Drew Skillman didn’t just win. He made NHRA history. At the 2012 Southern Nationals in Atlanta, Skillman, just 24, collected his first two Wallys minutes apart when he won the Stock and Super Stock titles. All told, there have been 39 doubles by 24 different drivers, but no one before or since has doubled-up to win their first two races. Quick to deflect praise, Skillman credits the advice of 100-time national event winner (and teammate) David Rampy for fueling his success.
“I still have a hard time believing that happened,” Drew said. “It was just one of those days where everything went right, but David is the whole reason why I won. That was the first race that he was helping us, and he taught me how to win.

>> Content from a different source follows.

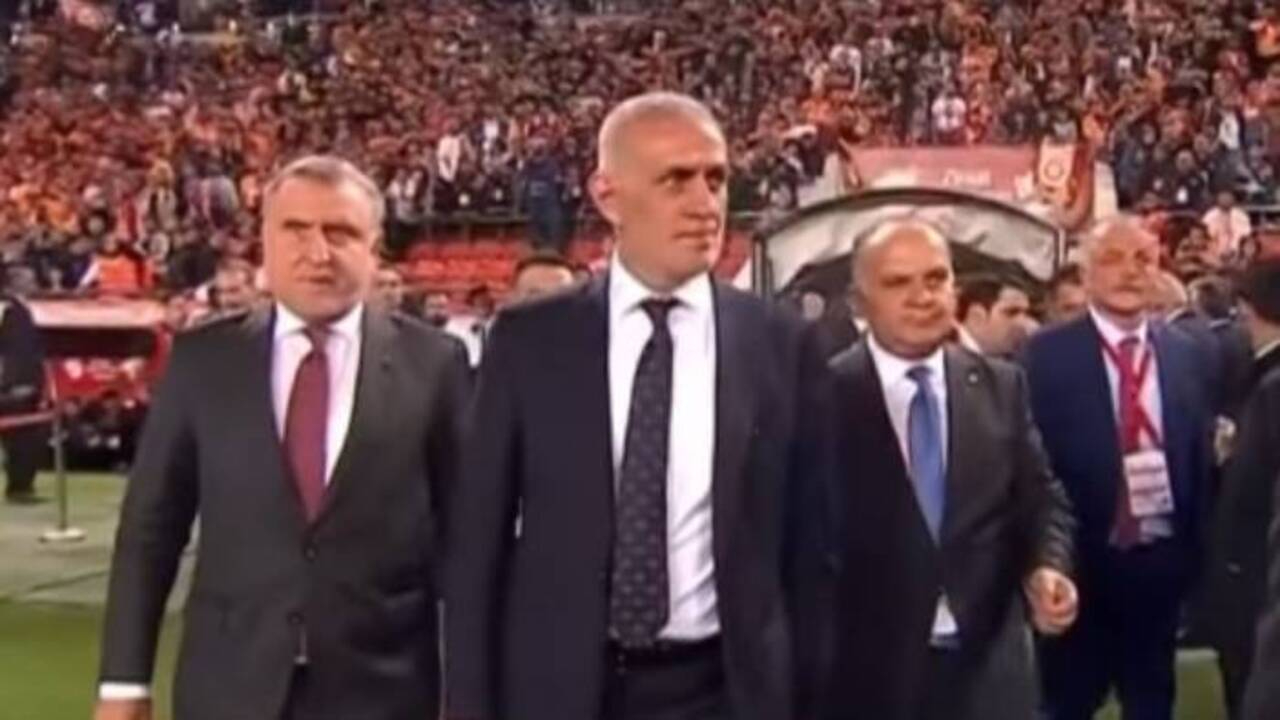 İbrahim Hacıosmanoğlu'na kupa merasiminde gündem olan tepki!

He is a man of few words, but when he speaks, you’d better listen. Since then, I’ve changed almost nothing in my routine. I still use David’s advice, so I’m not going to repeat what he told me, but it was like a light switch being turned on.”
Skillman was immediately branded as one of Sportsman racing’s up-and-comers. Later that season, he won the Division 3 NHRA Lucas Oil Drag Racing Series event at Summit Racing Equipment Motorsports Park in Norwalk, and he followed with four more wins in 2013. At the end of the season, he finished a single point behind Justin Lamb in the battle for the Stock national championship. By then, the Skillman fleet had swelled to at least a half-dozen race cars with Skillman joined on track by his father and grandfather, racing primarily in Comp, Super Stock, and Stock.

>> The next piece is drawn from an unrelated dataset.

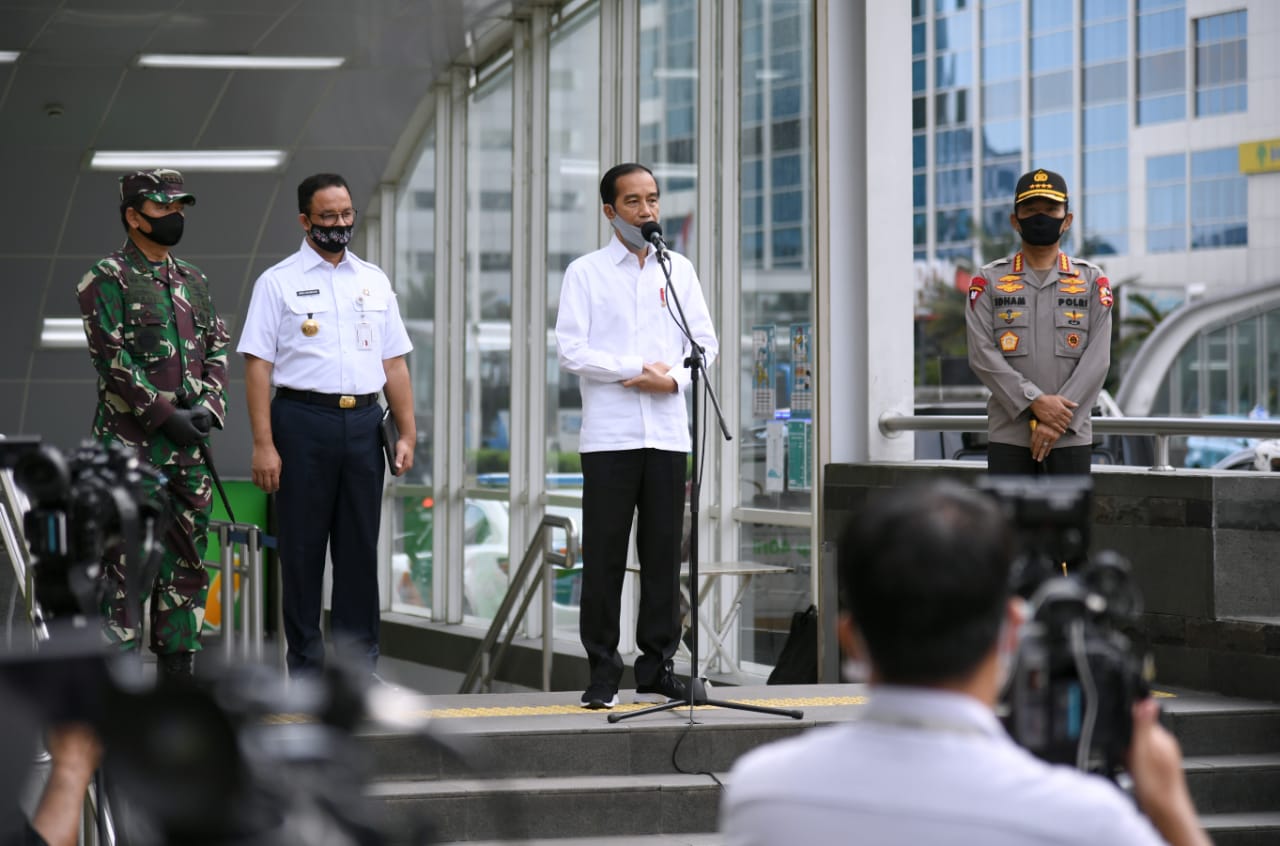 Presiden Tinjau Kesiapan Pendisiplinan Protokol Kesehatan di Stasiun MRT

Racing is just one of the things the Skillman’s do as a family. Collectively, they operate the Skillman Auto Group, a chain of 20 new and used automotive dealerships based throughout the Indianapolis area. Behind their Ford dealership sits a large building that houses an amazing collection of hot rods, muscle cars, classics, and other automobilia, including a vintage carousel that came from the Hulman-George family at Indianapolis Motor Speedway. Vintage Corvettes, Shelby Mustangs, 1960s Super Stock cars, classic Sprint, Midget, and Indy cars; you name it, the Skillman collection probably has it, and Skillman is quick to point out, “Everything in here is for sale.” The building also includes the team’s race shop, but even at 50,000-square feet, it seems cramped, so an expansion is forthcoming.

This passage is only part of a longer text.